**What needs to be done:**
Print out each record below, unaltered and complete, without its images.
_ _ _ _ _ _ _
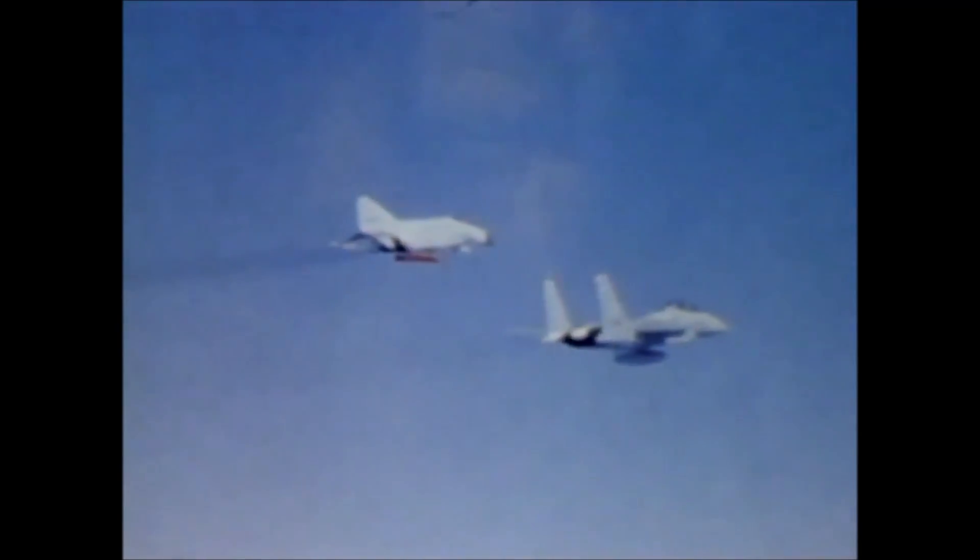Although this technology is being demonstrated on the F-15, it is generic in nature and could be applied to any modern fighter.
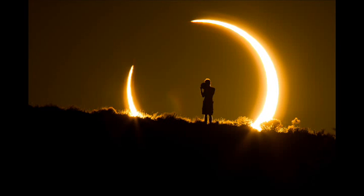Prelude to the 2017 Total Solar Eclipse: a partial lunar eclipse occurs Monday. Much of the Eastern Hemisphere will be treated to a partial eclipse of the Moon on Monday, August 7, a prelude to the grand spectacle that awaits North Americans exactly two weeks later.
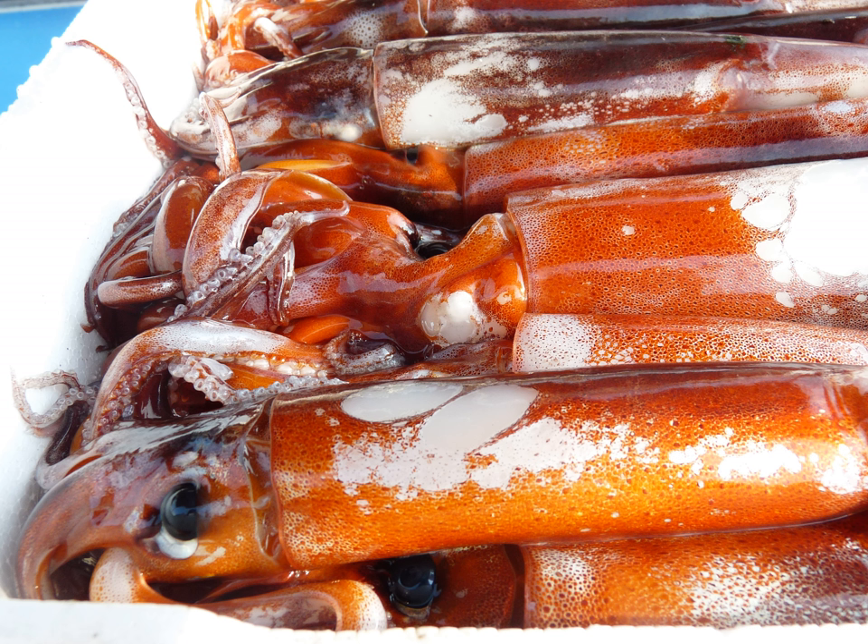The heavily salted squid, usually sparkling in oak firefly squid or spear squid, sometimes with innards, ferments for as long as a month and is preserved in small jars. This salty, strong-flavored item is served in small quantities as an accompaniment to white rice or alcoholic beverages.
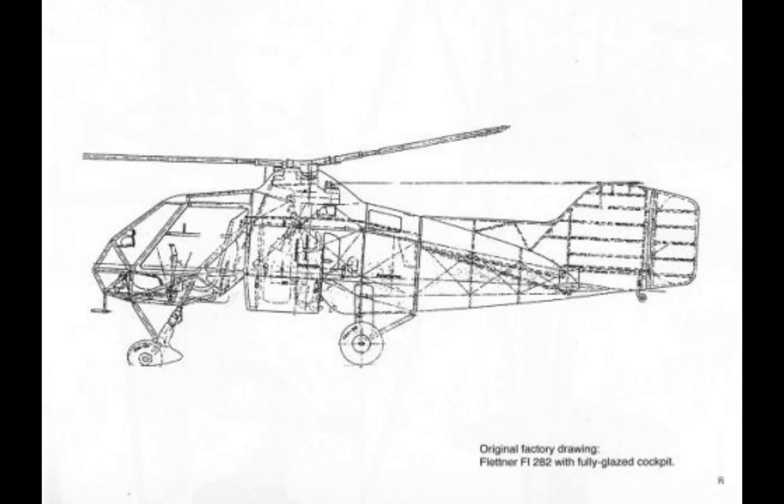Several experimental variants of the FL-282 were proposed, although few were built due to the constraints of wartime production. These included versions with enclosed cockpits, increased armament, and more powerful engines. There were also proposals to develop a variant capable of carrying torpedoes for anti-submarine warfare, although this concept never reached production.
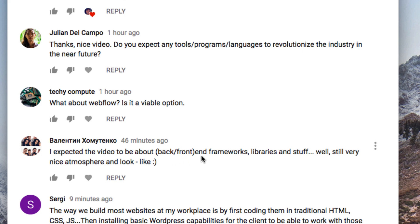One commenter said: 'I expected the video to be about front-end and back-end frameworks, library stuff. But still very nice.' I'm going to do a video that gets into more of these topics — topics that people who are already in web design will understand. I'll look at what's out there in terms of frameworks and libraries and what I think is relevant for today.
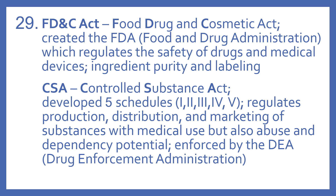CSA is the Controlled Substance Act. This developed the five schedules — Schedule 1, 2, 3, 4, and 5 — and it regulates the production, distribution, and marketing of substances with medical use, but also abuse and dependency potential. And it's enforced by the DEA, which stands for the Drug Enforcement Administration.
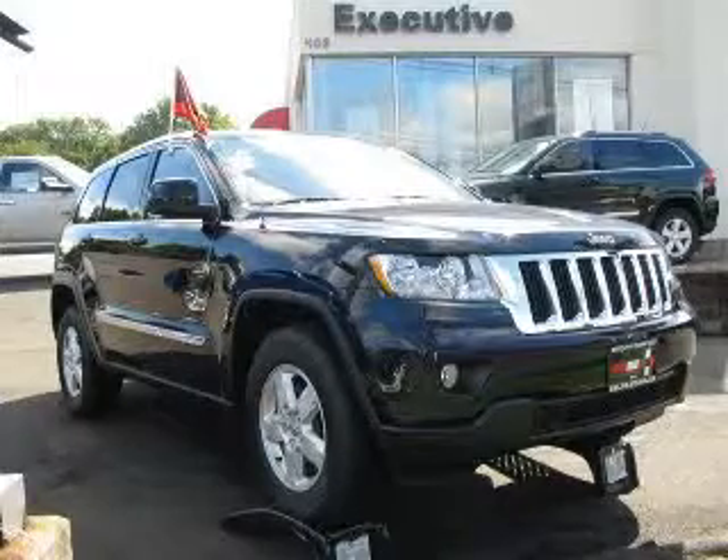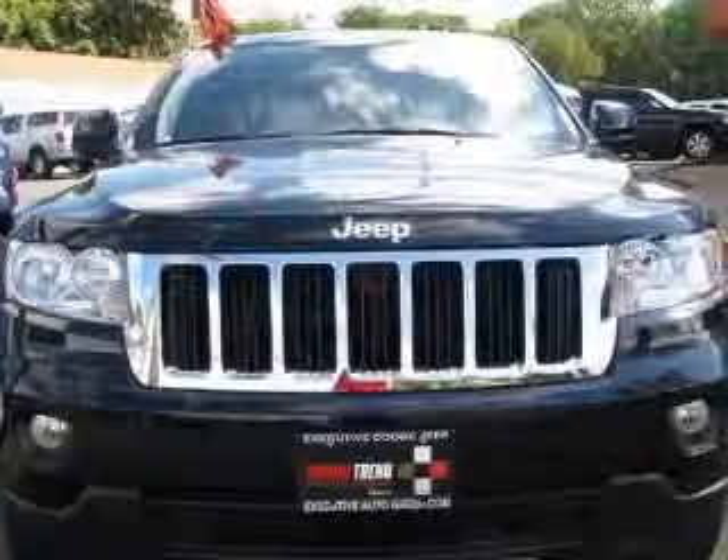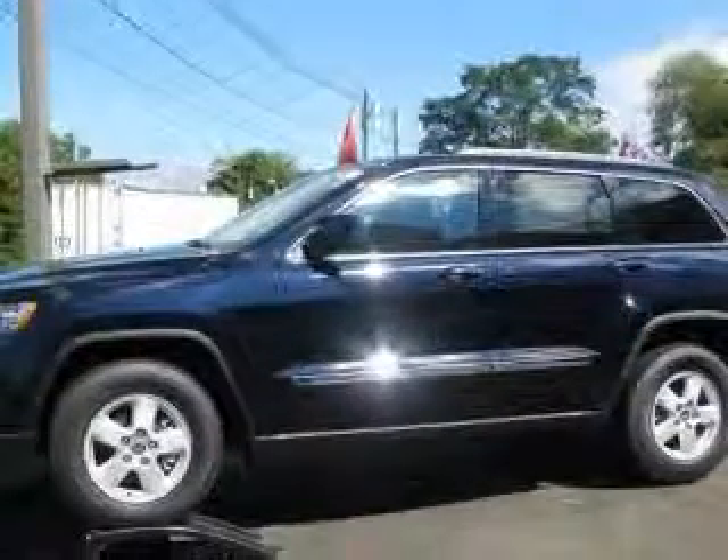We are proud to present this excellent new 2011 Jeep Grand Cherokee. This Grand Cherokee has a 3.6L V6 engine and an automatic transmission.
_ _ _ _ _ _ _
**Written response:**
Although this technology is being demonstrated on the F-15, it is generic in nature and could be applied to any modern fighter.
Prelude to the 2017 Total Solar Eclipse: a partial lunar eclipse occurs Monday. Much of the Eastern Hemisphere will be treated to a partial eclipse of the Moon on Monday, August 7, a prelude to the grand spectacle that awaits North Americans exactly two weeks later.
The heavily salted squid, usually sparkling in oak firefly squid or spear squid, sometimes with innards, ferments for as long as a month and is preserved in small jars. This salty, strong-flavored item is served in small quantities as an accompaniment to white rice or alcoholic beverages.
Several experimental variants of the FL-282 were proposed, although few were built due to the constraints of wartime production. These included versions with enclosed cockpits, increased armament, and more powerful engines. There were also proposals to develop a variant capable of carrying torpedoes for anti-submarine warfare, although this concept never reached production.
One commenter said: 'I expected the video to be about front-end and back-end frameworks, library stuff. But still very nice.' I'm going to do a video that gets into more of these topics — topics that people who are already in web design will understand. I'll look at what's out there in terms of frameworks and libraries and what I think is relevant for today.
CSA is the Controlled Substance Act. This developed the five schedules — Schedule 1, 2, 3, 4, and 5 — and it regulates the production, distribution, and marketing of substances with medical use, but also abuse and dependency potential. And it's enforced by the DEA, which stands for the Drug Enforcement Administration.
We are proud to present this excellent new 2011 Jeep Grand Cherokee. This Grand Cherokee has a 3.6L V6 engine and an automatic transmission.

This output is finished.